It was, indeed, better than the original recipe for kale pasta. But a home run it wasn’t. I knew the grade before The Professor even said it: B+.

“Some people might like it with some sliced cherry tomatoes,” he offered. “To add a different texture and color.”

I may try that come tomato season. But in the meantime, I told him, “You don’t get a grade A meal every night. Some nights you’re lucky for a B+.”

If you have thoughts on how to make the dish an A, post a comment or email me at jessie at boingboing.net. Here’s the recipe:

2 bunches Tuscan kale, stemmed and washed

2 cloves garlic (one blanched with the kale, one tossed into the Cuisinart raw)

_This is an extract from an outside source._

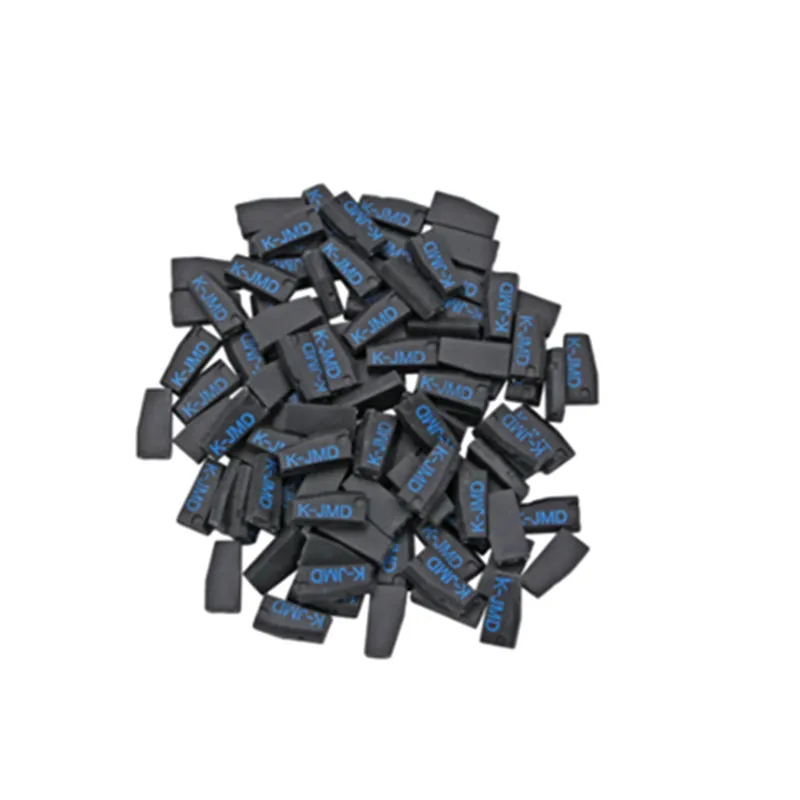 2021 повышен оригинальный JMD синий Король чип для CBAY удобно детей ключ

1 cup parmesan cheese (plus more for sprinkling)

1/2 cup walnuts

1/2 tsp salt (+ more to taste)

1/2 cup olive oil

1 lb pasta

Bring a big pot of water to boil and blanch the kale and 1 clove of garlic for about three minutes.

Use tongs to remove the kale and garlic (you’ll be using the water to cook the pasta) and drain well. When it is cool enough to handle, squeeze out the excess water.

In a food processor puree the kale, both garlic cloves, the walnuts and the 1/3 cup of olive oil. Add salt and pepper to taste.

In a bowl combine the kale mixture with the cheese and add salt and pepper to taste.

Cook the pasta, drain, and toss with the kale pesto

Serve with parmesan cheese.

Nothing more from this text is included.